On 20.09.24 17:58, Simon Glass wrote:
> Hi Ilias,
> 
> On Fri, 20 Sept 2024 at 09:37, Ilias Apalodimas
> <ilias.apalodimas at linaro.org> wrote:
>>
>> Hi Simon,
>>
>> On Fri, 20 Sept 2024 at 10:25, Simon Glass <sjg at chromium.org> wrote:
>>>
>>> Hi Ilias,
>>>
>>> On Thu, 19 Sept 2024 at 17:51, Ilias Apalodimas
>>> <ilias.apalodimas at linaro.org> wrote:
>>>>
>>>> On Thu, 19 Sept 2024 at 18:39, Simon Glass <sjg at chromium.org> wrote:
>>>>>
>>>>> Hi,
>>>>>
>>>>> On Thu, 19 Sept 2024 at 17:37, Ilias Apalodimas
>>>>> <ilias.apalodimas at linaro.org> wrote:
>>>>>>
>>>>>> On Thu, 19 Sept 2024 at 18:19, Simon Glass <sjg at chromium.org> wrote:
>>>>>>>
>>>>>>> Hi,
>>>>>>>
>>>>>>> On Thu, 19 Sept 2024 at 17:13, Ilias Apalodimas
>>>>>>> <ilias.apalodimas at linaro.org> wrote:
>>>>>>>>
>>>>>>>>
>>>>>>>>
>>>>>>>> On Thu, Sep 19, 2024, 18:05 Heinrich Schuchardt <heinrich.schuchardt at canonical.com> wrote:
>>>>>>>>>
>>>>>>>>> On 19.09.24 17:00, Simon Glass wrote:
>>>>>>>>>> Hi,
>>>>>>>>>>
>>>>>>>>>> On Thu, 19 Sept 2024 at 16:32, Ilias Apalodimas
>>>>>>>>>> <ilias.apalodimas at linaro.org> wrote:
>>>>>>>>>>>
>>>>>>>>>>> Hi all,
>>>>>>>>>>>
>>>>>>>>>>> On Thu, 19 Sept 2024 at 17:20, Heinrich Schuchardt
>>>>>>>>>>> <heinrich.schuchardt at canonical.com> wrote:
>>>>>>>>>>>>
>>>>>>>>>>>> On 19.09.24 16:10, Simon Glass wrote:
>>>>>>>>>>>>> Hi Heinrich,
>>>>>>>>>>>>>
>>>>>>>>>>>>> On Sat, 14 Sept 2024 at 18:06, Heinrich Schuchardt
>>>>>>>>>>>>> <heinrich.schuchardt at canonical.com> wrote:
>>>>>>>>>>>>>>
>>>>>>>>>>>>>> For measured be boot we must avoid any volatile values in the device-tree.

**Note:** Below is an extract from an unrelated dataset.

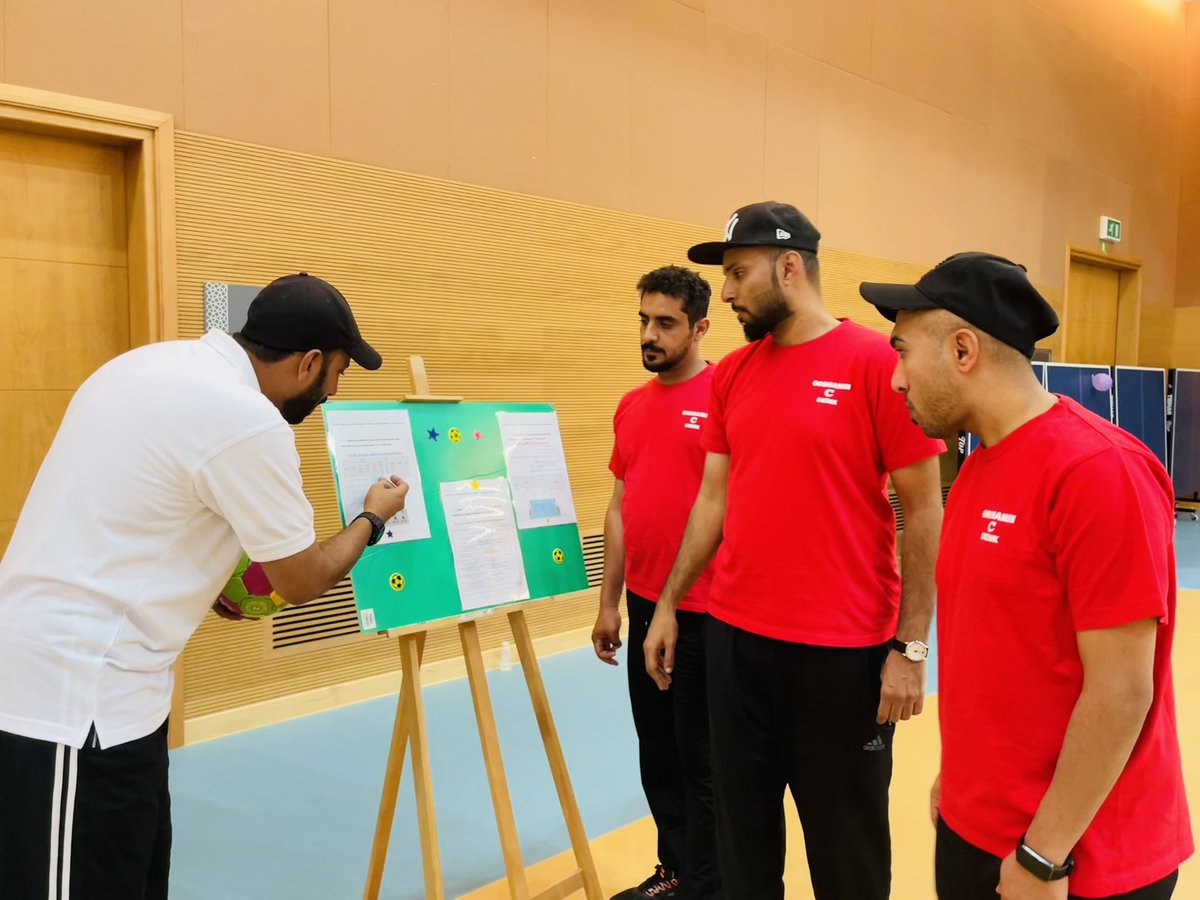 EduGovDhf's tweet photo. #فعاليات_تعليمية_ظفار #تعلم_مستدام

>>>>>>>>>>>>>> We already delete /chosen/kaslr-seed if we provide and EFI RNG protocol.
>>>>>>>>>>>>>
>>>>>>>>>>>>> Could you explain a bit why this is, and where this is checked?
>>>>>>>>>>>>>>
>>>>>>>>>>>>>> Additionally remove /chosen/rng-seed provided by QEMU or U-Boot.
>>>>>>>>>>>>
>>>>>>>>>>>> Measured boot relies on creating hashes of artifacts and writing these
>>>>>>>>>>>> to TPM. If the hashes don't match the OS will either warn or refuse to
>>>>>>>>>>>> boot. The device-tree is one of the artifacts that are measured.
>>>>>>>>>>>>
>>>>>>>>>>>> If we have random values in /chosen, measured boot will fail.
>>>>>>>>>>>>
>>>>>>>>>>>> When an EFI RNG protocol is provided by the firmware, GRUB and the
>>>>>>>>>>>> kernel will use it instead of /chosen/rng-seed and /chosen/kaslr-seed.
>>>>>>>>>>>
>>>>>>>>>>> There's a comment on top of that function that explains what happens as well.

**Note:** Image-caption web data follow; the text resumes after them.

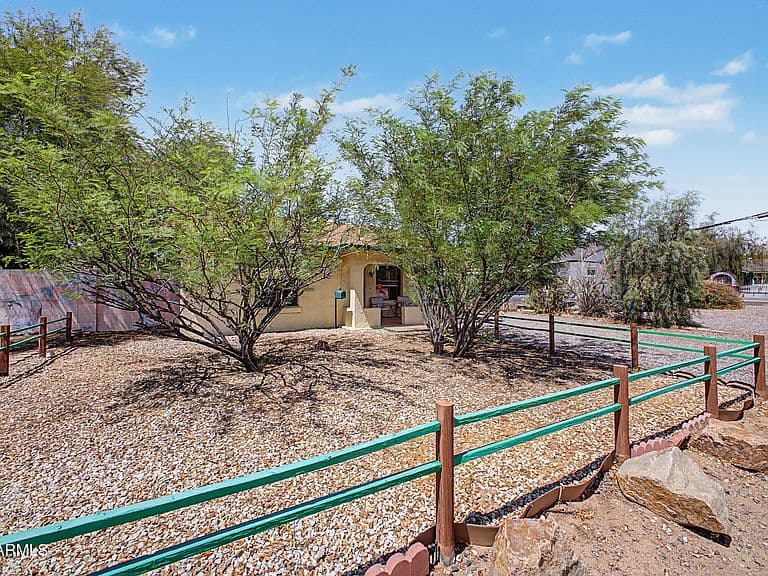 1642 E GLENROSA Avenue photo 3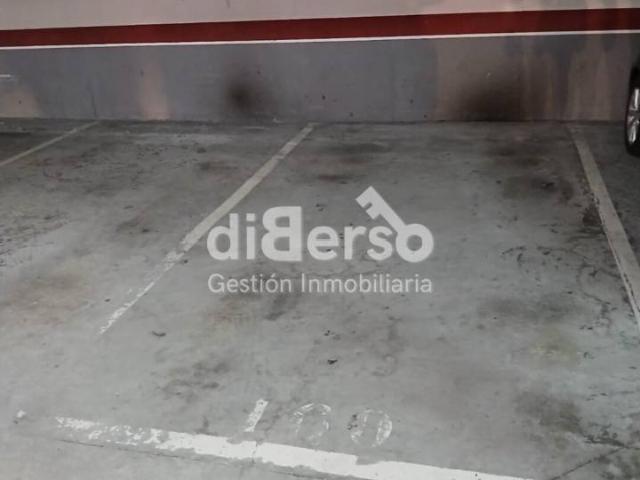 Garaje en alquiler en Avenida Lisboa Zona HUCA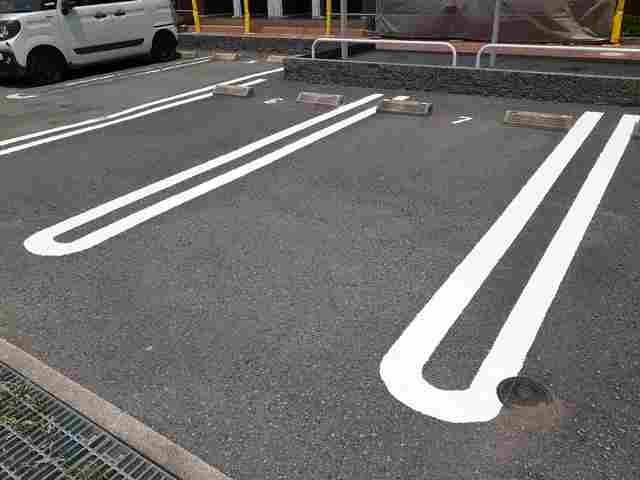 プレシャスコートＫ西浜の駐車場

>>>>>>>>>>> In short the EFI stub does not even look at the KASLR seed and never
>>>>>>>>>>> randomizes the physical placement of the kernel. It only does that
>>>>>>>>>>> when the EFI_RNG protocol is there.
>>>>>>>>>>
>>>>>>>>>> OK thank you. I suppose I am more just wondering why it got added in
>>>>>>>>>> the first place?
>>>>>>>>>
>>>>>>>>> For booting via the legacy Linux entry point adding kaslr-seed allows to
>>>>>>>>> randomize addresses. QEMU adds rng-seed instead of kaslr-seed.
>>>>>>>>
>>>>>>>>
>>>>>>>> Not the kernel physical placement. It randomizes only the virtual placement
>>>>>>>
>>>>>>> So, are you saying that U-Boot adds this field into the FDT and then removes it?
>>>>>>
>>>>>> Yes. As Heinrich said, the rng seed is still usable for some
>>>>>> randomization. If we boot with EFI and have an RNG protocol, we dont
>>>>>> need it and it also messes up the TPM measurements, so we remove it.

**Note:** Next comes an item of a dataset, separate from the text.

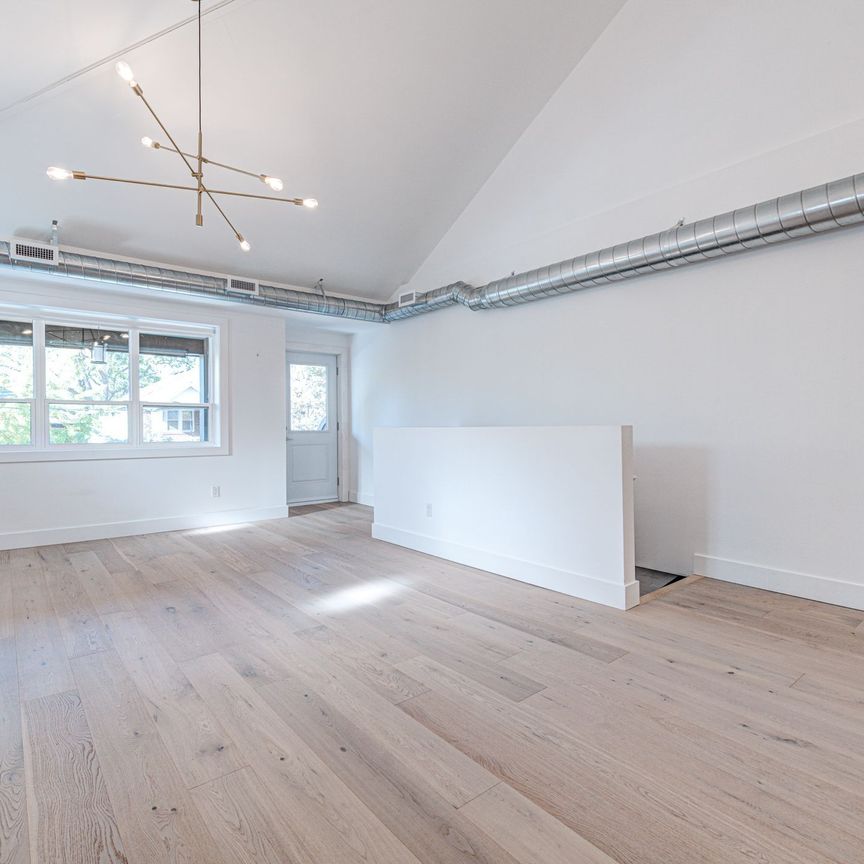 For Lease - 87 Hammersmith Avenue Unit# Upper, Toronto, Ontario - Photo 1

>>>>>> But the code that injects it to u-boot, or the prior bootloader that
>>>>>> handed you over a DT,  does not know if you plan to boot with EFI.
>>>>>
>>>>> I'm actually surprised that this works. Normally, removing a property
>>>>> does not drop that property from the string table, so adding a
>>>>> property and deleting it is not normally the same as never adding it.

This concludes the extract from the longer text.